# taz.de -- Sozialdrama „Milestone“ aus Indien: Jenseits von Bollywood
       
       > Im Netflix-Film „Milestone“ geht es um die Existenzsorgen eines alternden
       > Truckers. Er zeigt, was das Indie-Kino aus Indien so stark macht.
       
 (IMG) Bild: Fürchtet die eigene Abwrackung: Lkw-Fahrer Ghalib (Suvinder Vicky) im Netflix-Drama „Milestone“
       
       Lange unterwegs zu sein bedeutet nicht unbedingt, dass man vorankommt.
       Zumal in einem Riesenland wie Indien, zumal in einem Beruf wie dem des
       Lkw-Fahrers. Als „Trucker“ erlebte er im US-amerikanischen 70er-Jahre-Kino
       eine Ära der mythischen Aufladung, aber spätestens seit der neoliberale
       Begriff der „Logistics“ seine vernebelnde Schirmherrschaft über alles, was
       Warentransport ist, ausgebreitet hat, ist es damit vorbei.
       
       Derlei Frustrationen und Abstiegserfahrungen meint man dem Fahrer Ghalib
       (Suvinder Vicky) direkt anzusehen, wie er da an einem kalten Morgen im
       Norden Indiens vom Fahrersitz heruntersteigt, übernächtigt und mit steifen
       Gliedern, seufzend hinnehmend, dass die Lade-Arbeiter immer noch im Streik
       sind. Er muss also selbst mit Hand anlegen, aber da fährt es ihm erst recht
       in den Rücken.
       
       Den raren Rekord, den er kurz darauf attestiert bekommt, mit 500.000
       Kilometern der nun weitgefahrenste Fahrer des Betriebs zu sein, kann er
       darum nicht recht genießen. Sicher, seine Chefs sprechen ihm ihr Vertrauen
       aus, aber als ein gleichaltriger Kollege entlassen wird, der wegen
       Nachtblindheit nur noch beschränkt einsatzfähig war, und man ihm am Tag
       danach einen „Praktikanten“ ins Fahrzeug setzt, wird Ghalib misstrauisch.

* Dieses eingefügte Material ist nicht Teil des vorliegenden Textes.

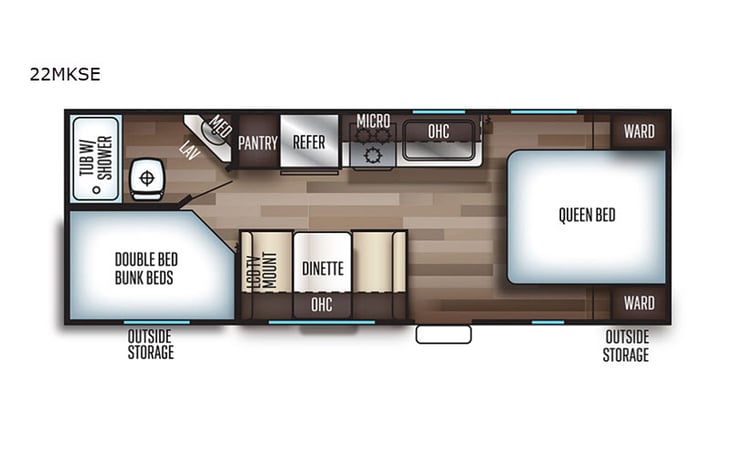 Representative floor plan provided by a trusted RVshare partner.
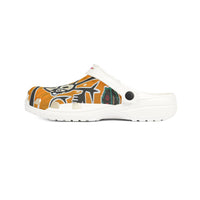 Tribal TAINO  Orange EVA Foam Clogs – Bold Abstract Animal Print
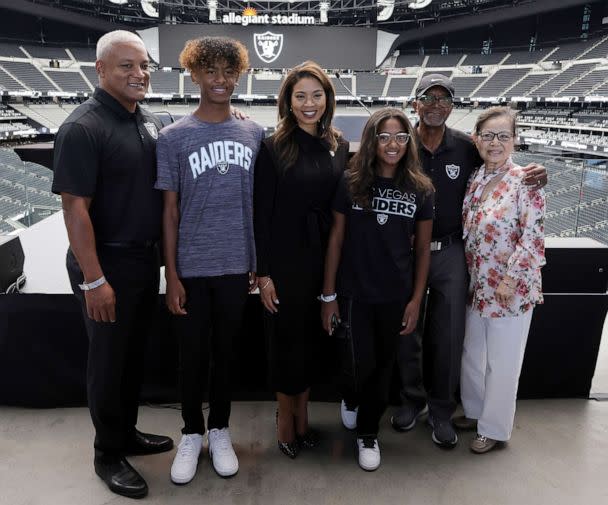 PHOTO: Former Nevada Gaming Control Board Chair and former Commissioner of the Nevada Gaming Commission Sandra Douglass Morgan poses with members of her family as she is introduced as the new President of the Raiders in Las Vegas, July 7, 2022. (Ethan Miller/Getty Images)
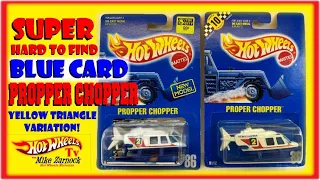 Rare Hot Wheels Blue Card Propper Chopper Yellow Triangle Variation | Hot Wheels
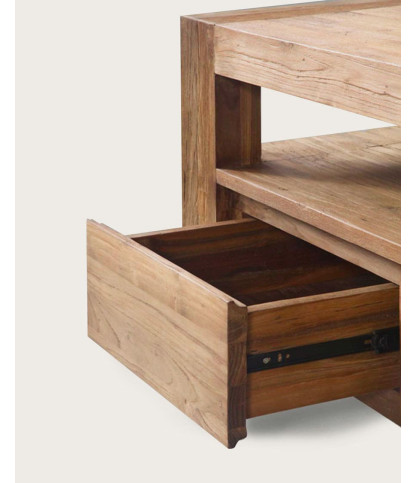 Kutaya - Mueble para TV de teca maciza con 3 cajones
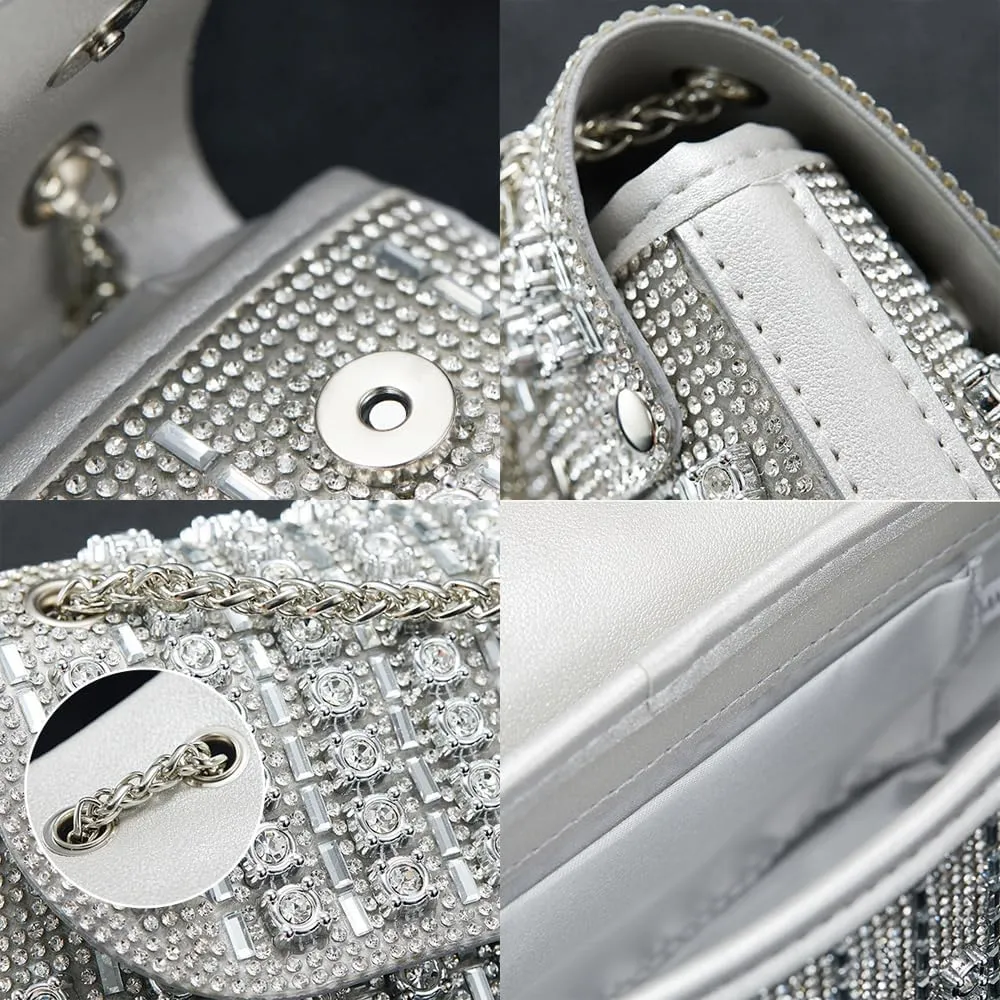 Sparkly Rhinestone Evening Bag for Women, Magnetic Closure Crossbody Shoulder Purse for Wedding Party Prom Dinner Clutch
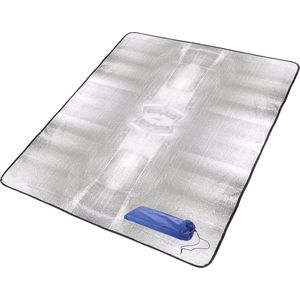 1 x aluminium slaapmat, schuimmatten, 200 x 150 cm, isolatiemat van aluminiumfolie, schuimmatten, warmte-isolerende deken, opvouwbaar voor kamperen, yoga, sport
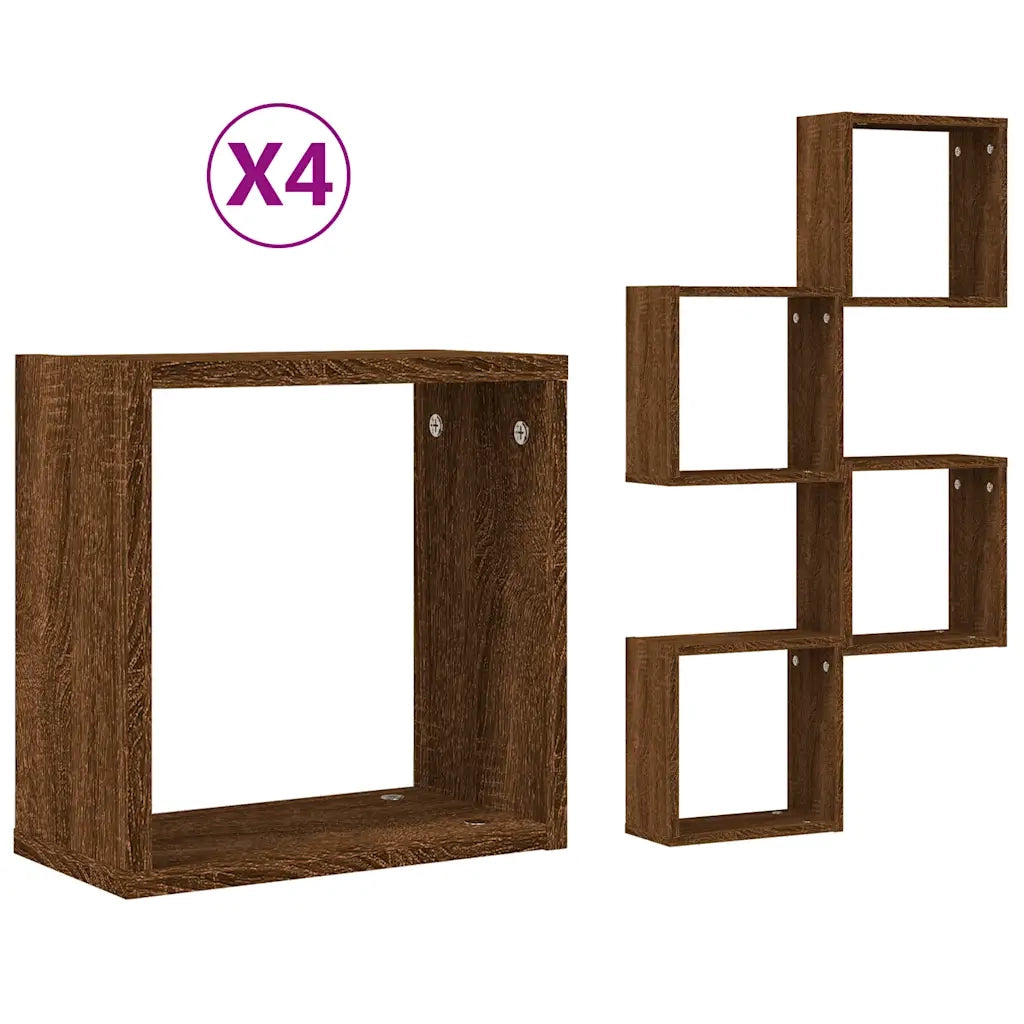 4 pz Mensole | Ripiano | Scaffale a Cubo Rovere Marrone 30x15x30 cm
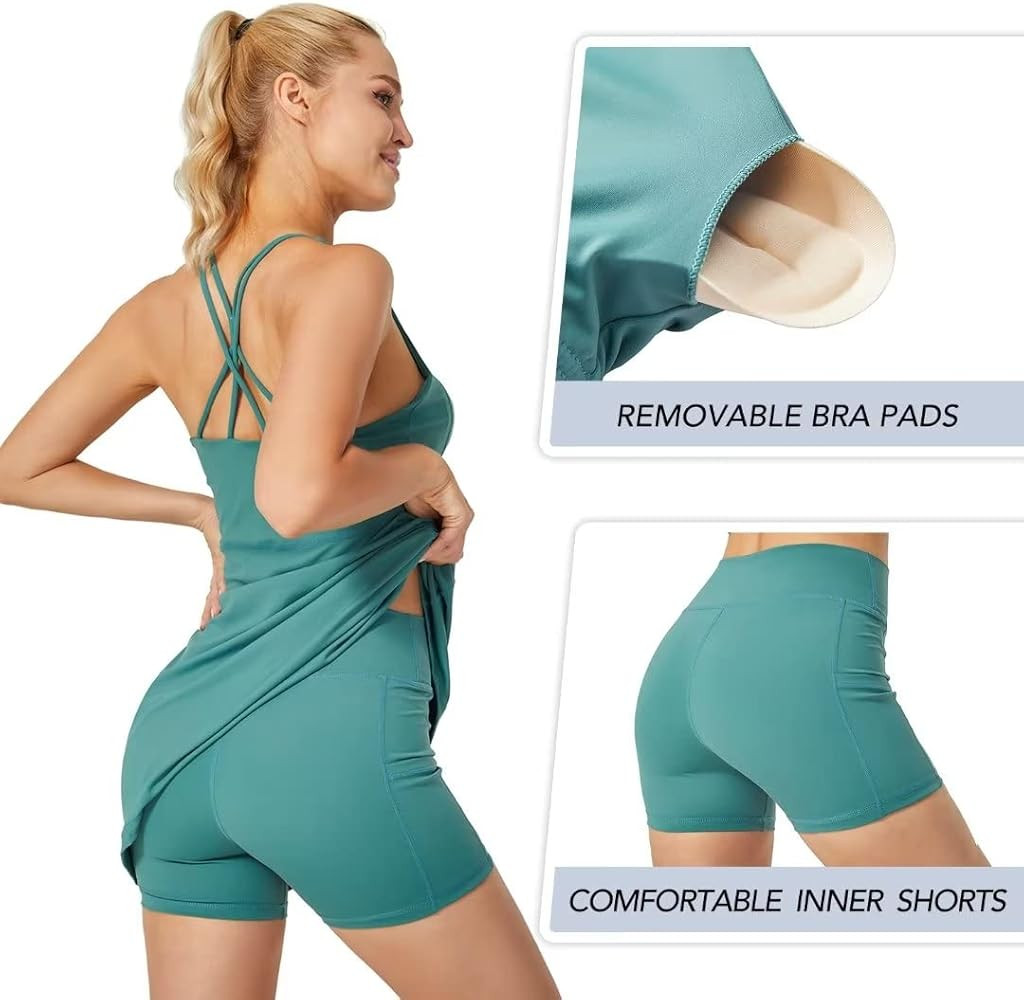 MONSTER VALLEY Women Tennis Dress Exercise Workout Dress Sleeveless Built-in with Bra & Shorts Po... | Amazon (US)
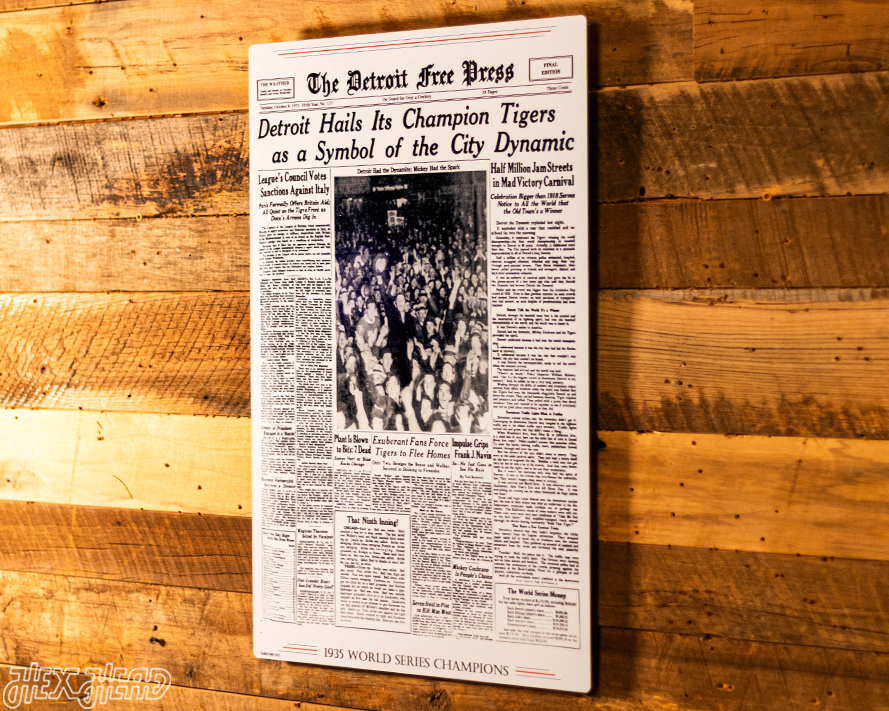 Detroit Free Press Tigers 1935 WORLD SERIES Front Page - OCT 8, 1935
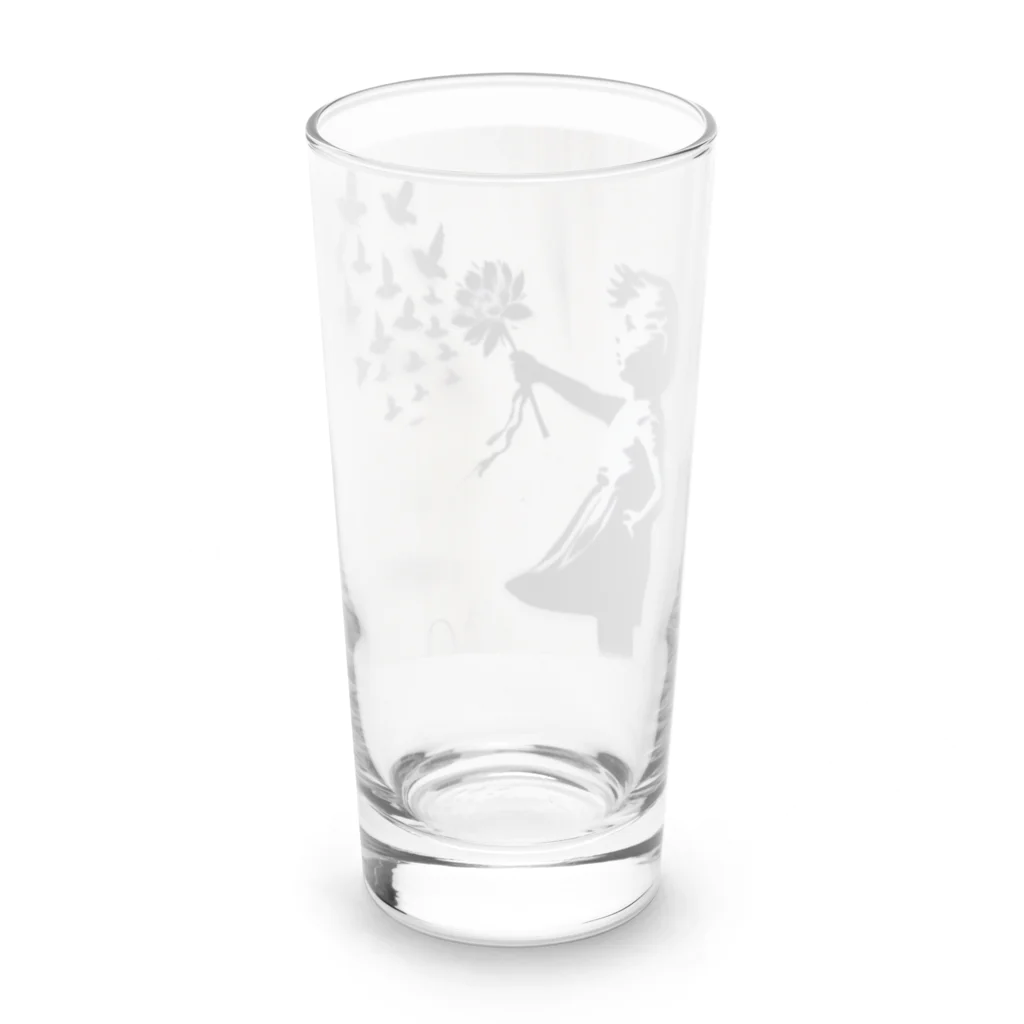 ビンパシーの館の花束でマジックする女の子 Long Sized Water Glass :back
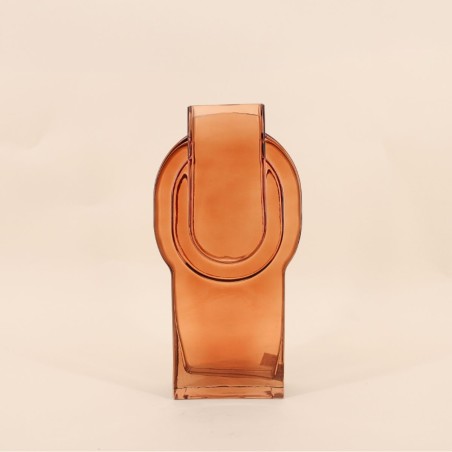 Vase en verre vintage géométrique h34cm | Hashtag Déco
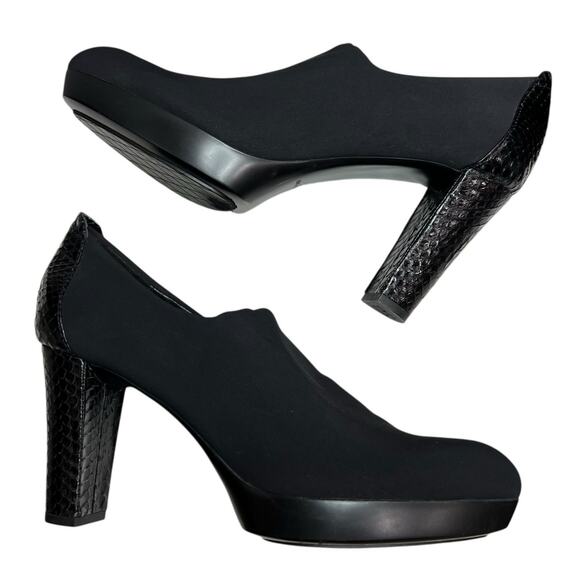 Donald J Pliner Evelyn Platform Pumps Womens 10 Black Stretch Snakeskin Timeless - Picture 1 of 16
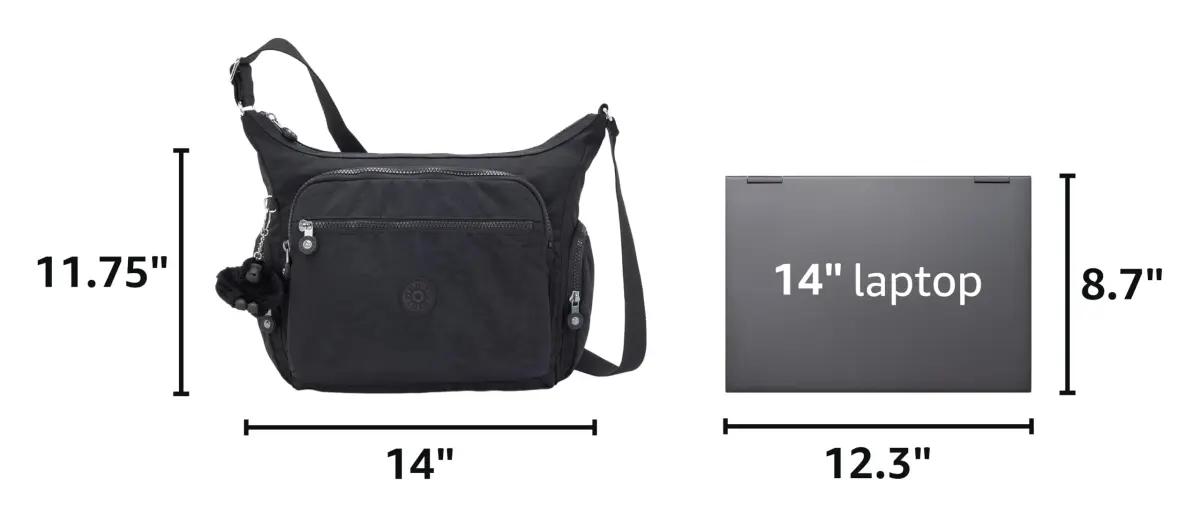 Kipling Women's Gabbie Crossbody Bag Black Noir 35.56cm (14"L) x 29.85cm (11.75"H) x 18.42cm (7.25"D) | Lightweight Everyday Purse with 7 Pockets - view 3
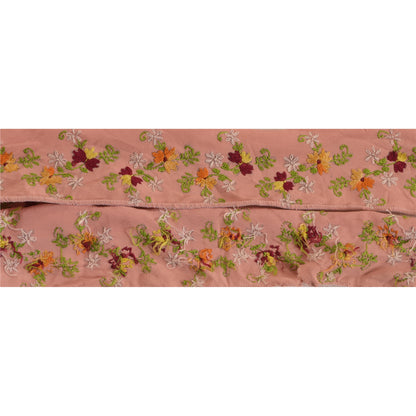 Sanskriti Vintage Border Hand Embroidered 1 Yard Trim Sewing Pink Craft Lace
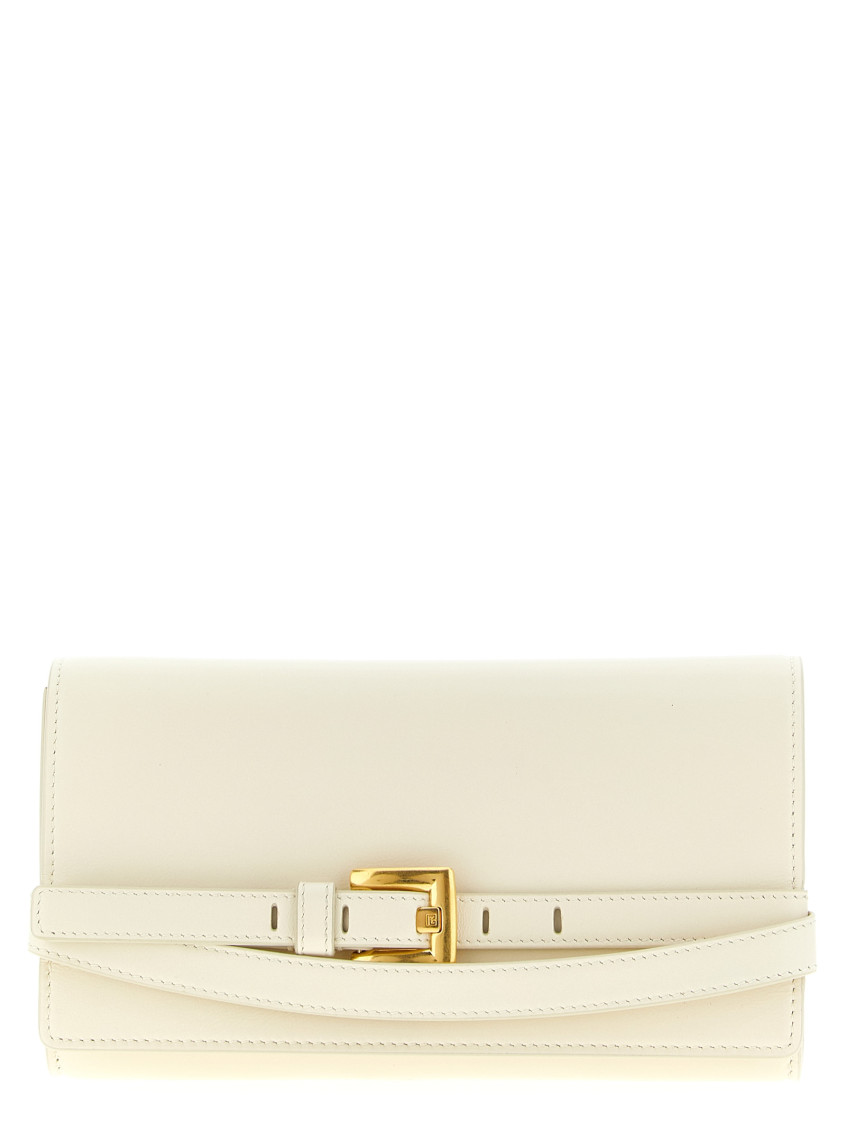 Balmain White Shuffle Clutch In White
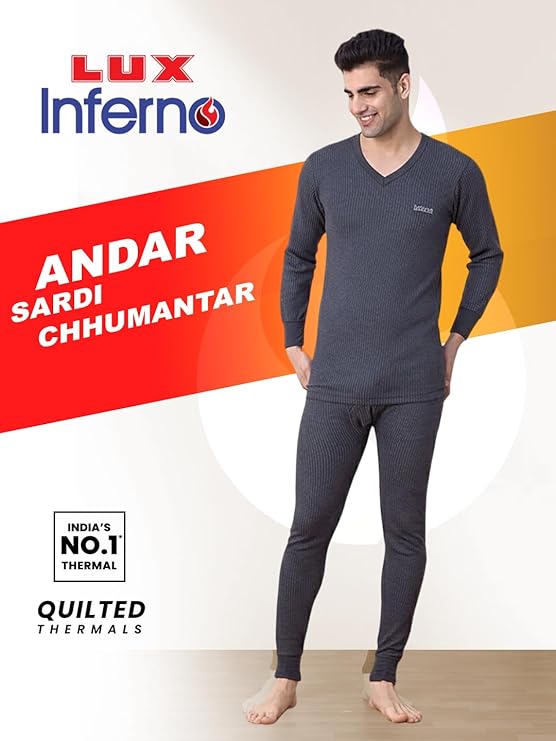 Lux Inferno Men's Thermal Set | Full Sleeve V Neck Top & Bottom Winter Innerwear | Soft & Warm Cotton Fabric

       Er beginnt um seinen Job zu fürchten.
       
       So beschrieben, klingt alles danach, als sei mit Ivan Ayrs „Milestone“ das
       sozialrealistische [1][Drama à la Ken Loach] nun auch in Indien angekommen.
       Aber das wäre zugleich eine Unterschätzung dessen, was als „indisches
       Indie-Kino“ sich langsam den Weg zu den großen Filmfestivals ebnet.
       
       ## Geerdete Filmhandlung
       
       „Milestone“ feierte letztes Jahr in Venedig in der Nebensektion „Orizzonti“
       Premiere und machte zusammen mit [2][Chaitanya Tamhanes Wettbewerbsbeitrag
       „The Disciple“] kraftvoll darauf aufmerksam, dass es in Indien eine
       produktive Filmkultur [3][jenseits von Bollywood gibt].
       
       So dankbar man ist, dass „Milestone“ [4][jetzt auf Netflix zu streamen]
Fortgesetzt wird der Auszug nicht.